Former Daily Mail writer Shaun Usher, who later found success as a prolific writer of crime fiction, has died aged 88.
Usher was one of the Mail’s most versatile journalists. A brilliant and acerbic critic, both of the West End and of Hollywood movies, he was also a distinguished foreign correspondent with a string of highly readable despatches to his name.
In 1980 he secured an exclusive interview with the dying Shah of Iran, then living in exile in Panama.
The following year he was on the Tarmac at Wiesbaden, in what was then West Germany, for the dramatic moment America’s 52 hostages held by Tehran’s Ayatollah Khomeini for 444 days finally stepped into freedom.

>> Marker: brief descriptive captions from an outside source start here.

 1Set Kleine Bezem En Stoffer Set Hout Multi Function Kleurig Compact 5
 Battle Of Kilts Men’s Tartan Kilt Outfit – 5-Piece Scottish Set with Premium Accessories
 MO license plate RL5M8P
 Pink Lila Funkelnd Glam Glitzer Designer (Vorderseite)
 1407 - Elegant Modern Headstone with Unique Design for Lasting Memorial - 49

He was in New York when John Lennon was gunned down outside his home in the Dakota building opposite Central Park and his powerful account of the December 1980 shooting was entwined with the ex-Beatle’s position as a cultural icon, which leant heavily on Usher’s earlier role as a showbusiness writer.

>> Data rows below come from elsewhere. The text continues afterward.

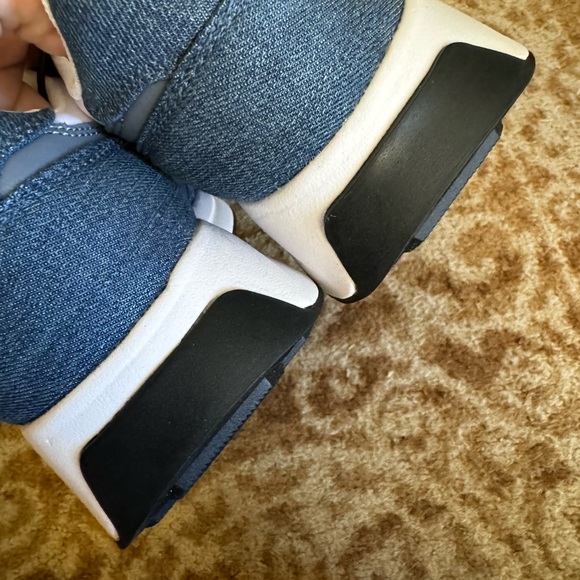 Calvin Klein monogram sneakers chunky denim look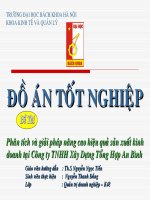 Phân tích và giải pháp nâng cao hiệu quả sản xuất kinh doanh tại Công ty TNHH Xây dựng tổng hợp An Bình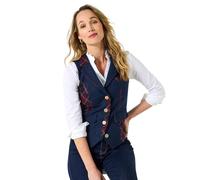 Joe Browns Heritage Check Mix and Match Waistcoat Blazer décontracté, Violet, 44 Femme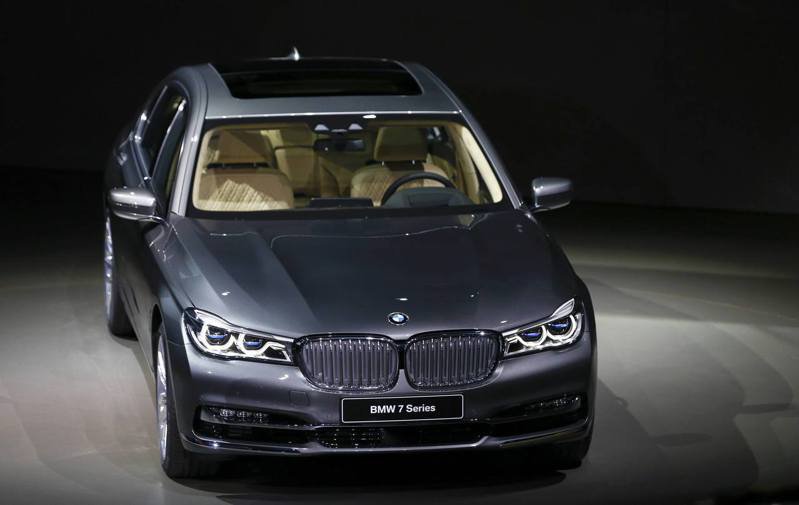 宝马(BMW) 7系列。路透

Pipe-smoking Usher was always destined for a career in newspapers. His father Gray worked on local papers (father and son later collaborated on an anthology of ghost stories) and Shaun’s son Peter was to follow him to Fleet Street.
When, years later, Peter was appointed an executive, Shaun liked to complain: ‘Can life get any worse – my son is now my boss.’ In fact, he was immensely proud.

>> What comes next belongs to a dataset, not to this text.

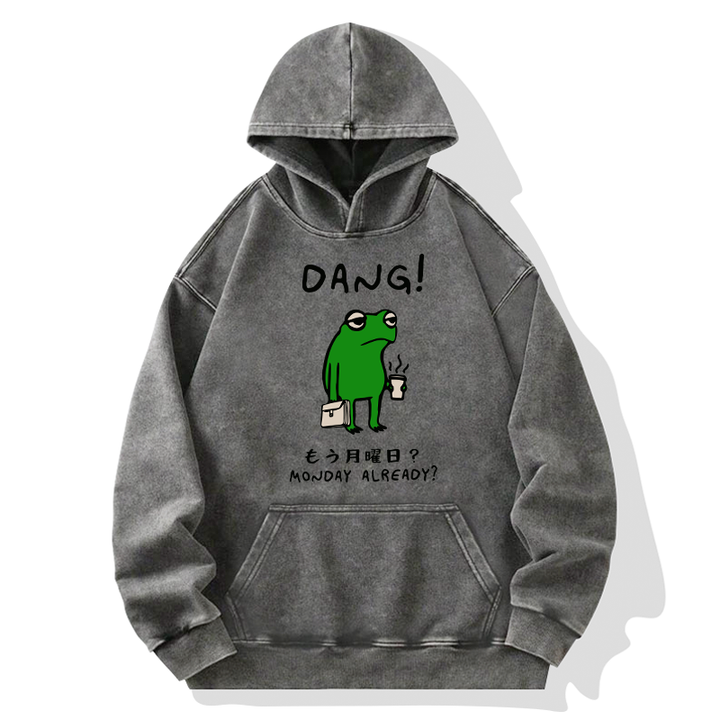 Is It Already Monday Washed Hoodie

After National Service in the Ordnance Corps, he began his career on the Western Daily Press before moving to London in the early 1960s and joining the Daily Sketch.

Former Daily Mail writer Shaun Usher, who later found success as a prolific writer of crime fiction, has died aged 88
When the Sketch merged with the Daily Mail he moved across to the Mail where he soon became television correspondent.
His interviews were highly regarded: chat show host Michael Parkinson once quoted at length from an Usher profile before introducing a guest.
In 1978 he was sent to New York, living in a small apartment on East 79th Street, while his wife Sylvia and son remained at the family home in Ewell,
Surrey. He was one of the first to report from the horrific scene in Jonestown, Guyana – having travelled there by bus – where deranged ‘Bishop’ Jimmy Jones persuaded 800 of his followers, many of them children, to kill themselves.
Back in London he continued as a foreign correspondent before returning to his showbiz roots and was appointed film critic, later adding the theatre to his portfolio. Even after retirement he continued to write the Mail’s book serialisations and reviews.
In retirement Usher joined a charity helping juvenile offenders and was a custody visitor for Surrey Police.
He also took up crime writing and his stories regularly appeared in the Ellery Queen Mystery Magazine. And he wrote books under the pen name Jeffry (correct) Scott.
After the death of his wife, he married for a second time to American Pat Wenzel, dividing his time between the UK and her home in the US. She predeceased him in 2019.